Afghanistan is the largest producer of opium on earth. Heroin production has skyrocketed. In 2013 alone, opium production rose by well over a third from the year before, over 200,000 hectares of production fields generating between $7.5-$8 billion/year of crop yield (around 5.5 million kilograms). “That increase in cultivation has been matched by a growing share of the world’s heroin market: Over the past decade Afghanistan has gone from supplying roughly 50% of Europe’s heroin to over 90% of the world’s.”, 4/09/13.
In order to garner enough troops to pursue the mythological “weapons of mass destruction” in Saddam Hussein’s Iraq, the U.S. reduced its efforts in Afghanistan… and the Taliban began a slow but steady return to power. With the “legitimate” Afghan government only in Kabul and its environs, the Taliban today have managed to take over control of 30% of the entire nation, the largest percentage they have held since they were ousted by American forces.
But Taliban aren’t the only bad actors in the country. “ISIS in Afghanistan is growing, according to Gen. John Campbell, the top commander of NATO and American troops in the country, the Pentagon, and lawmakers who have recently visited the war-torn nation… Al-Qaeda training camps are also reportedly sprouting across Afghanistan, more than 14 years after U.S. troops were deployed to topple the Taliban regime and pursue al Qaeda after it used Afghanistan as a base for the 9/11 terrorist attacks against the American homeland.”, January 13th.

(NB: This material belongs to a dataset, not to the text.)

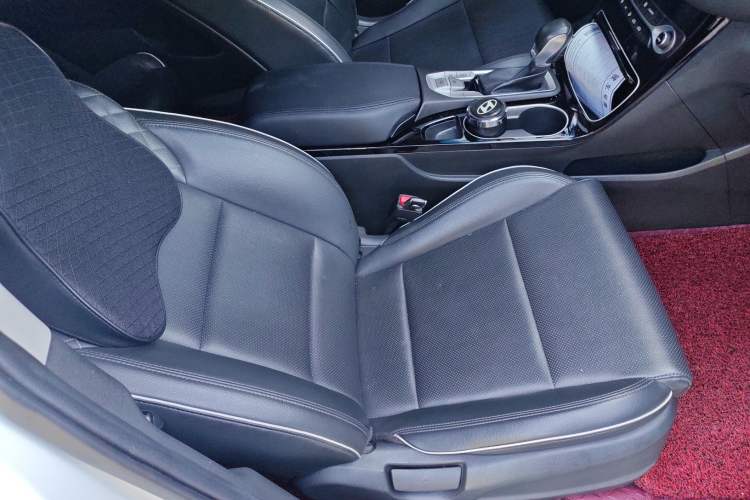 Used Hyundai Tucson 2019 280TGDi Dual-Clutch Two-Wheel Drive Fashion Edition China VI Standard Right Front Seat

The heroin trade has pushed gangs and warlords to take over other, rather large sections of the rest of the country. “In many areas of Afghanistan it is the warlords who hold sway - not the central government or the Taliban. They are able to exploit villagers with impunity using the threat, or the reality, of violence.
“In rural Takhar province, in the remote north-east of Afghanistan, time seems to have stopped in the 19th Century - bumpy roads, mud-built houses, lawless villages and no sign of the Kabul government… Here, armed commanders and their guns are in charge. Their word is the law. ‘Local armed commanders forced three of my elder brothers to fight for them against the insurgents,’ 26-year-old Najbulla tells me. ‘They were all killed in wars.’”, November 2012.
The short answer to the question of who controls Afghanistan, is primarily Taliban, warlords with heroin on their minds, with only a very small part of the country under that U.S.-imposed mega-corrupt government. Neither the United States nor any friendly forces control anything but a small sliver of Afghanistan.
So our two biggest modern forays in the Islamic world have resulted in a rather complete failure of stated U.S. intentions in engaging in those military expeditions. Trillions of dollars later, with enumerable casualties, we are now thinking about yet another major assault in an Islamic world we seem to have gone out of our way to alienate in the current presidential campaign. Really? Not that we should remain passive, but our massive invasion and bombing attacks of the recent past have been complete busts. Maybe we should ask ourselves what lessons we have learned from our mistakes, if any.
I’m Peter Dekom, and I wonder exactly what we think is different about this area of the Middle East that would make our failed strategies work this time.